STILL NOT COMPLETE!!!
Wut Mean?:
- Instinet was mandated to start reporting order data to the CAT Central Repository from June 22, 2020.
- Instinet hired a third-party vendor for CAT reporting, but their internal data specifications were inadequate for proper CAT-format reporting.
- In June 2020, Instinet informed FINRA that they foresaw CAT reporting issues starting June 22, 2020.
- As predicted, Instinet faced substantial reporting issues from the onset.
- Between June 22, 2020, and November 6, 2020, Instinet missed reporting over 5.2 billion equities and options order events, about 17% of their CAT reporting responsibility for that time.
- By late October 2020, they reported 2.7 billion late order events, but the remaining 2.5 billion weren’t reported until March 2021, up to nine months later.
- On October 26, 2020, Instinet introduced new code to address some reporting errors.

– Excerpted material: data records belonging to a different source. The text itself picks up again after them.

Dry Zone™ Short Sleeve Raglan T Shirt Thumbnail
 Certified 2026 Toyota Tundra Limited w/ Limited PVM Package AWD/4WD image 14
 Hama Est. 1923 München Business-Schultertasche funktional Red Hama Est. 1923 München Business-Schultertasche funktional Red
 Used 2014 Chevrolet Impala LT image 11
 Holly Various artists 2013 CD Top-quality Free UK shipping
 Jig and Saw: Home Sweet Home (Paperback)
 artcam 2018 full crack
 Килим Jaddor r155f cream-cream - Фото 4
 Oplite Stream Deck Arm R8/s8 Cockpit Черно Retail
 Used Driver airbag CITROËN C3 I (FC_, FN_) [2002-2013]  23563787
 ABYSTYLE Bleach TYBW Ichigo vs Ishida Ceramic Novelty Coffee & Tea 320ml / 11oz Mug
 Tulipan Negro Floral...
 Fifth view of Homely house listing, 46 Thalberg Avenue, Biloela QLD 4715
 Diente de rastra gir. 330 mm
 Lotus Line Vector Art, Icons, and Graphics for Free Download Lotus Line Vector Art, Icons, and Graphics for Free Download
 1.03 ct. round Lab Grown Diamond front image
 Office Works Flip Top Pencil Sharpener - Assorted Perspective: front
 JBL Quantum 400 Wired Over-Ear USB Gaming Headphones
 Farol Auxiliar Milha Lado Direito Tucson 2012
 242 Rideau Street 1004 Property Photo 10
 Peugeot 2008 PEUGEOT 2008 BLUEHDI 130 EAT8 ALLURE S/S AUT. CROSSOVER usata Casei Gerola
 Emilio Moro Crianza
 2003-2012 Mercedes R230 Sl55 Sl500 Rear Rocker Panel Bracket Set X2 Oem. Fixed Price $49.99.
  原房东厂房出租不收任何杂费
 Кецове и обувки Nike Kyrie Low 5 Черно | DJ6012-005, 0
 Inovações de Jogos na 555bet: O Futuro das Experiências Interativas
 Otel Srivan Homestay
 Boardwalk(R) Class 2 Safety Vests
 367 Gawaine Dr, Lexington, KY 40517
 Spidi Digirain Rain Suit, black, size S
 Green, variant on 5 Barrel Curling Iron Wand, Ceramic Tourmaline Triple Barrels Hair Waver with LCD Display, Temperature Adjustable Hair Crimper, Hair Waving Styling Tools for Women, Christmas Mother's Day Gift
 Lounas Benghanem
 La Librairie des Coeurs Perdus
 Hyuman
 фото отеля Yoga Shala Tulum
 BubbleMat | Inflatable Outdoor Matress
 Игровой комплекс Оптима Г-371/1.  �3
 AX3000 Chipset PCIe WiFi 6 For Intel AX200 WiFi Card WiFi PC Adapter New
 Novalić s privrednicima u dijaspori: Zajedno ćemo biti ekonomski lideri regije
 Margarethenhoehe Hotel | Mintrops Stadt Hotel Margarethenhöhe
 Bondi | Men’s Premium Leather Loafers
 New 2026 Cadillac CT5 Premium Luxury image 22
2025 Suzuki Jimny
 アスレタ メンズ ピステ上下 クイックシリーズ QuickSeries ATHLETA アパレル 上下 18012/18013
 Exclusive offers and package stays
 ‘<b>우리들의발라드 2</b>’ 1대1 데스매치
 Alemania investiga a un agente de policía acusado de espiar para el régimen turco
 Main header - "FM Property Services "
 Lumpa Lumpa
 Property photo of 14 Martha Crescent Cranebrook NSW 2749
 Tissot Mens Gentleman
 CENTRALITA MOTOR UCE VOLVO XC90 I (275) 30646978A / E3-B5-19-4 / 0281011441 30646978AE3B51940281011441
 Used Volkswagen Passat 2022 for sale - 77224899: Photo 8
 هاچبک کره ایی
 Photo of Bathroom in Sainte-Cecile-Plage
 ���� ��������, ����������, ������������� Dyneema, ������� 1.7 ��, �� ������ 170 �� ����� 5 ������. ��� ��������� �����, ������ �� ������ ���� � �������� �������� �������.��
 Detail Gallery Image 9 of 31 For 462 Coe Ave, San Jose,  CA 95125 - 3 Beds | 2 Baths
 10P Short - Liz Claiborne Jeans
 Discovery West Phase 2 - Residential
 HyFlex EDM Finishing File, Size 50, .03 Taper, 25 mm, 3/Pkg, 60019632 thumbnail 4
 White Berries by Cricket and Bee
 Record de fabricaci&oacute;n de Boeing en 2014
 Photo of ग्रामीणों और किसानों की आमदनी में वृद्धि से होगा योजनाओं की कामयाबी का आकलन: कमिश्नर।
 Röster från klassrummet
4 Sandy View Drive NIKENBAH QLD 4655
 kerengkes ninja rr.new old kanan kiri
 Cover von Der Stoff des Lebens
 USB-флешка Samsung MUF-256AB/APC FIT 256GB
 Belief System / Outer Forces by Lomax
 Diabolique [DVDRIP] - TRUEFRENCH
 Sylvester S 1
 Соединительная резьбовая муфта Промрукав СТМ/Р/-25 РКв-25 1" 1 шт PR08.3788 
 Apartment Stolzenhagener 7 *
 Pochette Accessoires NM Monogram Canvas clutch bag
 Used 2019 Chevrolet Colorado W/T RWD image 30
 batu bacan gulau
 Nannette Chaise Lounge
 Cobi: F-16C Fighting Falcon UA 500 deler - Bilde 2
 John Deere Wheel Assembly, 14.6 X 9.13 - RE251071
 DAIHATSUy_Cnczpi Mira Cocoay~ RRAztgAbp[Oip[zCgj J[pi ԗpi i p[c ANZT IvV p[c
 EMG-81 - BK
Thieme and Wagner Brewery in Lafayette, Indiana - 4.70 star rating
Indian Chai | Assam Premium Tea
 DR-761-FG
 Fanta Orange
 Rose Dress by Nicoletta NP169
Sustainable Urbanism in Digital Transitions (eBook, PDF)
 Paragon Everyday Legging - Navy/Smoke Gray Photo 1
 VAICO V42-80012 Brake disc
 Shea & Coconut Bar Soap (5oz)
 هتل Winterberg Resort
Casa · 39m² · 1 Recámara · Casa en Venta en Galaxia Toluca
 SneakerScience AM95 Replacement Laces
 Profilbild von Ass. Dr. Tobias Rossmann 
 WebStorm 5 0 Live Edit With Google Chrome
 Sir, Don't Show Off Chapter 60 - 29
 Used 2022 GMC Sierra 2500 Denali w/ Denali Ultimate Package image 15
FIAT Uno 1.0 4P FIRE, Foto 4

- Separate from the data conversion problem, Instinet had late reporting issues for at least 26 billion events between November 2020 and December 2022, approximately 8% of their CAT obligation for that duration, due to factors like the reporting agent’s processing capacity constraints.
- Order data translation issues led Instinet to report inaccurate data for billions of orders.
- By January 2023, they pinpointed roughly 180 different CAT reporting mistakes, including errors in share quantity, handling directives, codes, flags, and timestamps.
- For example, from June 2020 to October 2021, Instinet provided incorrect CAT data for about 32 billion order events concerning special handling codes.
- From June 22, 2020, Instinet’s supervisory system was not up to the mark for CAT reporting compliance.
- They only started reviewing the accuracy of CAT data in Q3 2021 and did so just quarterly, which was inadequate given the sheer volume of their reports.
- Instinet ignored warning signs of its CAT reporting issues.
- They knew about the problems in 2020 but only acted after FINRA expressed concerns in 2021.
- Even then, their attempts to rectify the issues were delayed and incomplete.
Penalty?:
Censure & $3.8 million fine while not admitting wrong doing.
Why might they do this?
Why would Instinet fails to correctly report its order and trade data on BILLIONS of orders?!?!?
To me, it could potentially be attempting to hide or inadvertently cover up a range of improper or illegal activities! For example:
- Market Manipulation: like “pump and dump” schemes.
- Front-running: Where they execute orders on a security for its own account while taking advantage of advance knowledge of pending orders from its customers.
- Layering or Spoofing: Placing and then canceling orders that they never intended to execute in order to create a false sense of demand or supply, thereby manipulating the price.
- Wash Sales: Selling a security at a loss and then quickly buying it back to create the appearance of trading volume..
- Mismatching Orders: Deliberately mismatching buy and sell orders to benefit a particular party….
- Improper Reporting of Short Sales: Not correctly reporting or misreporting short sales…
- Hiding Conflicts of Interest: Misreporting could obscure transactions that would reveal a conflict of interest between a Instinet and another party.
- Avoiding Regulatory Requirements or Thresholds: Manipulated data might help them evade certain regulatory thresholds or requirements, such as capital or margin requirements….
ALSO:
The US Committee on Financial Services called this continuous waiving a “…moral hazard that undermines the deterrent value of the Excess Capital Premium charge.”
TLDRS:
- Instinet had $50B of $67B waived in Excess Capital Premiums Waived over a 2 Year Period. Instinet also received a massive waiver on January 28, 2021.
- “Unrelated to the data conversion issue, Instinet experienced late reporting issues in connection with at least 26 billion events from November 2020 through December 2022, which constituted approximately 8% of the firm’s CAT reporting obligation for this period”
- From the start of its Consolidated Audit Trail (CAT) reporting obligation on June 22, 2020, through the present, Instinet failed to timely and accurately report data for tens of billions of order events to the CAT.
- Instinet ignored warning signs of its CAT reporting issues.
- They knew about the problems in 2020 but only acted after FINRA expressed concerns in 2021.
- Even then, their attempts to rectify the issues were delayed and incomplete.
- Penalty? Censure & $3.8 million fine while not admitting wrong doing.